Saw Palmetto is also known by these common names: sabal palm, palmetto berry, American dwarf palm tree, cabbage palm.
Saw Palmetto berries were recognized by Native Americans and white settlers for their nutritional properties. Consumption of saw palmetto berries was believed to help in stimulating the appetite and increasing build-up of fat, flesh and strength. Today, Saw Palmetto is recommended for inflammation or enlargement of the prostate gland.
Saw Palmetto is a slow growing palm indigenous to Florida and can grow to 6 to 8 feet tall. It is a drought tolerant, clump forming palm with thorny teeth on the end of fan-shaped leaves. The saw palmetto leaves are pointed very sharp as well as is the thorny trunk.
The palm produces dense clusters of single-seeded blue-black saw palmetto berries.
It has been said that this plant is difficult to transplant.
Propagated by seed or by root division by dividing and planting of suckers which can grow from the main plant.
Consumption of saw palmetto berries were believed to help stimulate the appetite and increase build-up of fat, flesh and strength. Because of this early settlers adopted Saw Palmetto as a food for themselves and their animals which grew sleek and fat from eating them.
Saw palmetto has also been used in treating urinary disorders and enuresis.
Saw Palmetto berries are also believed to have a soothing, toning effect on mucous membranes throughout the body, as well as being an effective expectorant. This makes saw palmetto useful in herbal remedies for colds, as well as asthma and bronchitis.
The effects of saw palmetto are believed to extend to the sexual organs, in particular for treating low libido and impotence in men. Saw palmetto is recommended for inflammation of the prostate and age related enlarged prostate.
Recently, Saw Palmetto hair loss have also become a popular subject. It has become popular as an herbal remedy for androgenic alopecia, or the pattern baldness that typically appears at the top of the head and around the temples of both men and women.

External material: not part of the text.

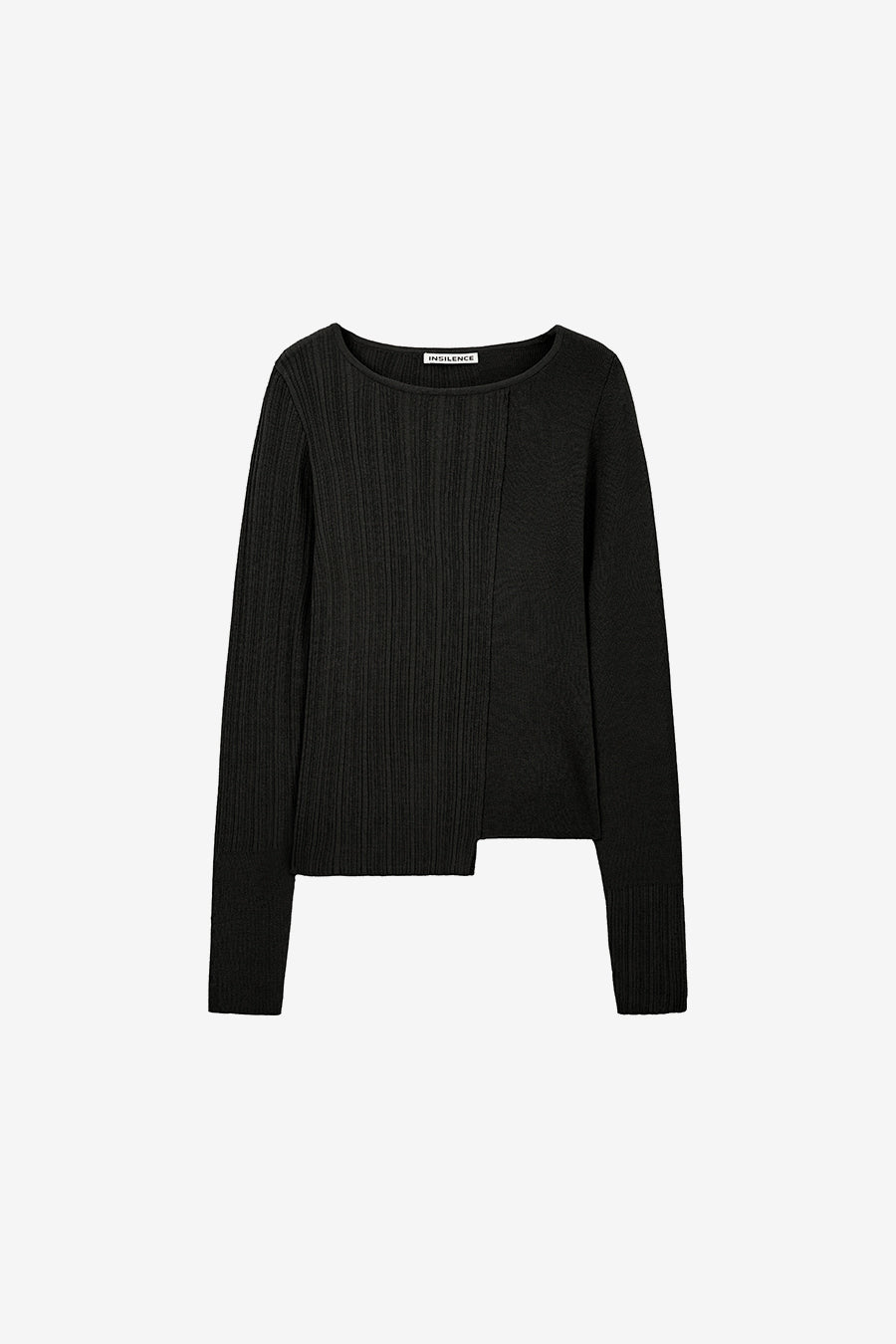 Insilence - Unbalance Mixed Knit (Black) product image 7 | TRAB K-Fashion Australia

Like any other herbal remedy, there are possible side effects of Saw Palmetto. The most common are possible mild stomach pain and constipation; diarrhea, nausea and vomiting, including bad breath. There have also been reports by men taking Saw Palmetto of erectile dysfunction, breast tenderness or enlargement, and changes in sexual desire.
As with any occasion when one uses an herb outside of traditional medicine to treat a condition, it would be prudent to consider medical supervision before using Saw Palmetto.